---------- THE DATA ----------
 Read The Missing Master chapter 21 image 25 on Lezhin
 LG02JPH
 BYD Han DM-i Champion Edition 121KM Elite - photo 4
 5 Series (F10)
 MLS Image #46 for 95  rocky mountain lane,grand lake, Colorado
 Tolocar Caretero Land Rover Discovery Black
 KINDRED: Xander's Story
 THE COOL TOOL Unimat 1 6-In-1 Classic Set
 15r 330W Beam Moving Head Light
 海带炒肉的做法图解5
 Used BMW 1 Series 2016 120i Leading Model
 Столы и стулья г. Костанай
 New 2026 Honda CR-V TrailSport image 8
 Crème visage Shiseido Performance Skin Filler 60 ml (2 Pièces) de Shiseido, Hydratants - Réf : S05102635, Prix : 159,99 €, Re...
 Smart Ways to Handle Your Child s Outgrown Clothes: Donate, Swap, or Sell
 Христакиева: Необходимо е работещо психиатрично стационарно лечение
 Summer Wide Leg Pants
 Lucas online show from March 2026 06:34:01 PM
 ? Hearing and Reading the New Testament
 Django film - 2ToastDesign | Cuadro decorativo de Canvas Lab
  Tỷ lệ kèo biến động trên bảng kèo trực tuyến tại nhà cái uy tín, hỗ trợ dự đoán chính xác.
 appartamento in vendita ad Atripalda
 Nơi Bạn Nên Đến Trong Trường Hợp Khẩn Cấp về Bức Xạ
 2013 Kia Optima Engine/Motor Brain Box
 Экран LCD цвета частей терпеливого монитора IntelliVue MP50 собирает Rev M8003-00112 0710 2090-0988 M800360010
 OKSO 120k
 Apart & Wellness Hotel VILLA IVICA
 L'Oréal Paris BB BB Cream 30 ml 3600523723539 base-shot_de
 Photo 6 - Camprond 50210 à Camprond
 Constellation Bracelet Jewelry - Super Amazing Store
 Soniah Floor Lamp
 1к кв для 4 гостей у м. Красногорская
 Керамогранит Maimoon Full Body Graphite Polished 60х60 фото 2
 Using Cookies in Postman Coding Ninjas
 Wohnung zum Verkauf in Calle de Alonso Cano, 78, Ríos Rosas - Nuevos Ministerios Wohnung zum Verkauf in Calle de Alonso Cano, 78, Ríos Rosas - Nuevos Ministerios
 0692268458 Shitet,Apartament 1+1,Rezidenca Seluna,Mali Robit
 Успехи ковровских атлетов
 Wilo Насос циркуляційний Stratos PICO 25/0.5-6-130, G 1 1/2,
----------
**THE TASK**
The records shown above are to be retyped exactly, with none omitted.

**EXPECTED OUTPUT**
 Read The Missing Master chapter 21 image 25 on Lezhin
 LG02JPH
 BYD Han DM-i Champion Edition 121KM Elite - photo 4
 5 Series (F10)
 MLS Image #46 for 95  rocky mountain lane,grand lake, Colorado
 Tolocar Caretero Land Rover Discovery Black
 KINDRED: Xander's Story
 THE COOL TOOL Unimat 1 6-In-1 Classic Set
 15r 330W Beam Moving Head Light
 海带炒肉的做法图解5
 Used BMW 1 Series 2016 120i Leading Model
 Столы и стулья г. Костанай
 New 2026 Honda CR-V TrailSport image 8
 Crème visage Shiseido Performance Skin Filler 60 ml (2 Pièces) de Shiseido, Hydratants - Réf : S05102635, Prix : 159,99 €, Re...
 Smart Ways to Handle Your Child s Outgrown Clothes: Donate, Swap, or Sell
 Христакиева: Необходимо е работещо психиатрично стационарно лечение
 Summer Wide Leg Pants
 Lucas online show from March 2026 06:34:01 PM
 ? Hearing and Reading the New Testament
 Django film - 2ToastDesign | Cuadro decorativo de Canvas Lab
  Tỷ lệ kèo biến động trên bảng kèo trực tuyến tại nhà cái uy tín, hỗ trợ dự đoán chính xác.
 appartamento in vendita ad Atripalda
 Nơi Bạn Nên Đến Trong Trường Hợp Khẩn Cấp về Bức Xạ
 2013 Kia Optima Engine/Motor Brain Box
 Экран LCD цвета частей терпеливого монитора IntelliVue MP50 собирает Rev M8003-00112 0710 2090-0988 M800360010
 OKSO 120k
 Apart & Wellness Hotel VILLA IVICA
 L'Oréal Paris BB BB Cream 30 ml 3600523723539 base-shot_de
 Photo 6 - Camprond 50210 à Camprond
 Constellation Bracelet Jewelry - Super Amazing Store
 Soniah Floor Lamp
 1к кв для 4 гостей у м. Красногорская
 Керамогранит Maimoon Full Body Graphite Polished 60х60 фото 2
 Using Cookies in Postman Coding Ninjas
 Wohnung zum Verkauf in Calle de Alonso Cano, 78, Ríos Rosas - Nuevos Ministerios Wohnung zum Verkauf in Calle de Alonso Cano, 78, Ríos Rosas - Nuevos Ministerios
 0692268458 Shitet,Apartament 1+1,Rezidenca Seluna,Mali Robit
 Успехи ковровских атлетов
 Wilo Насос циркуляційний Stratos PICO 25/0.5-6-130, G 1 1/2,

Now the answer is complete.